= EXERCISE GOAL =
From the material below, copy exactly the lines beginning with the one that contains "Aritzia TNA Cozy" and ending with the one that contains "Рецепт паштета с черносмородиновым желе"; the pictures stay out.

= DATA EXTRACT =
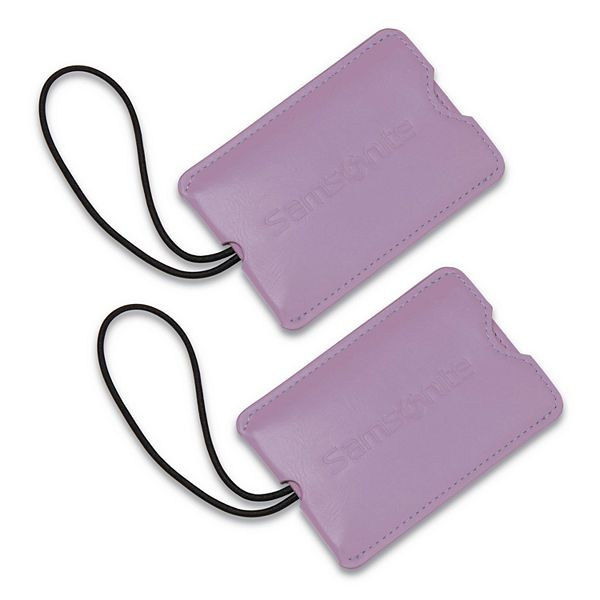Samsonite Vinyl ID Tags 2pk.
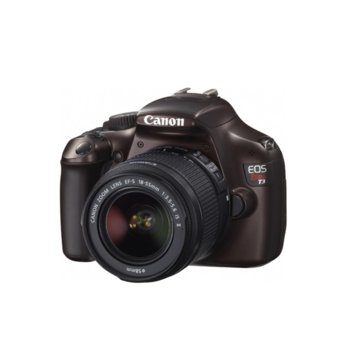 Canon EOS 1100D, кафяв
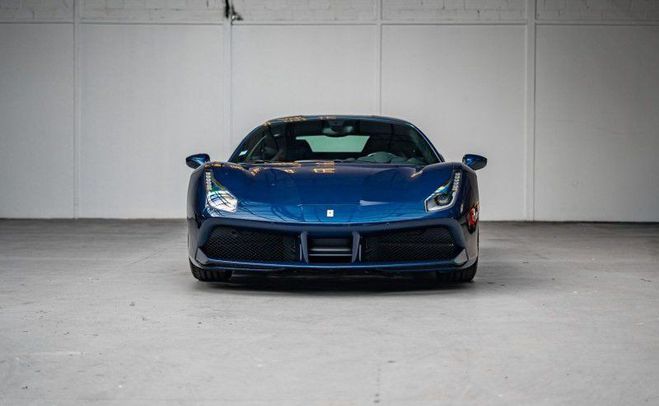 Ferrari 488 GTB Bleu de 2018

--

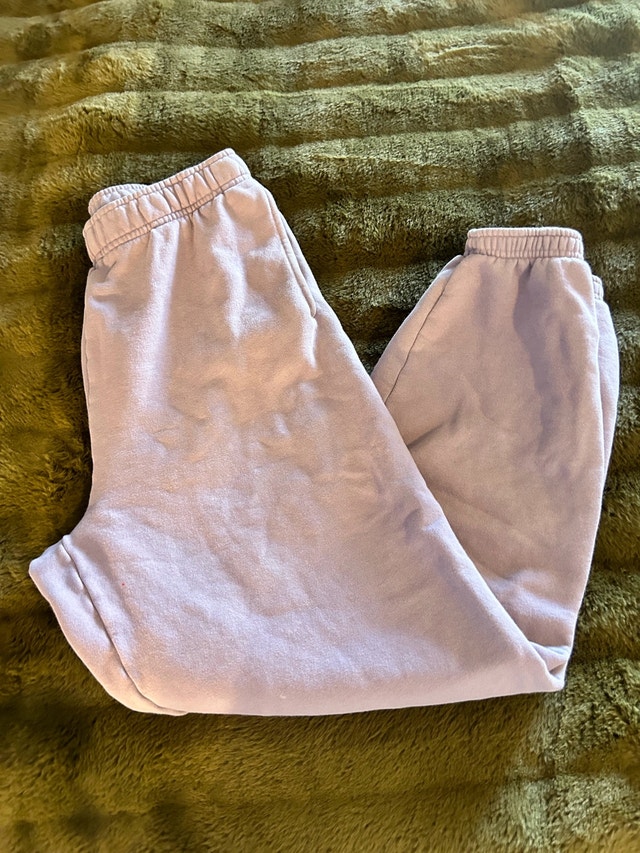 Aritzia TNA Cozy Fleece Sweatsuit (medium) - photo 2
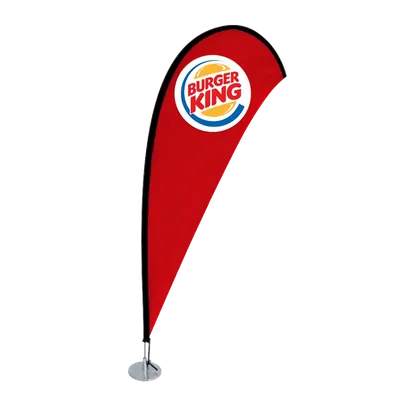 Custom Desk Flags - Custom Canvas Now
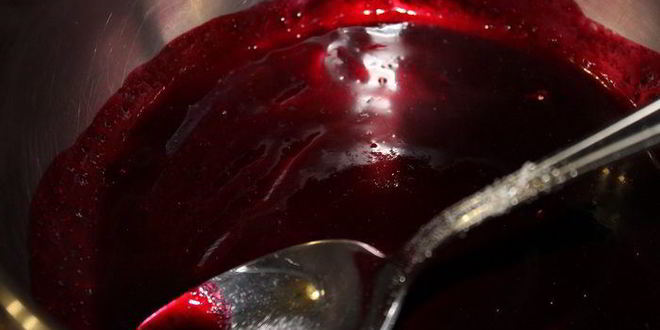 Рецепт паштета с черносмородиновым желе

--

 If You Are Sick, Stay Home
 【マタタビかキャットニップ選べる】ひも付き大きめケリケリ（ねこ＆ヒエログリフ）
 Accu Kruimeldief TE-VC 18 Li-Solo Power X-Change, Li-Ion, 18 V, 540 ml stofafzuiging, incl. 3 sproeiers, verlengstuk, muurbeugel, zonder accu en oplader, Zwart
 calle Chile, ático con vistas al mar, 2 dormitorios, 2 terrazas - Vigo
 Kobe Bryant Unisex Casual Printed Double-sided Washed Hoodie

= TASK RESPONSE =
 Aritzia TNA Cozy Fleece Sweatsuit (medium) - photo 2
 Custom Desk Flags - Custom Canvas Now
 Рецепт паштета с черносмородиновым желе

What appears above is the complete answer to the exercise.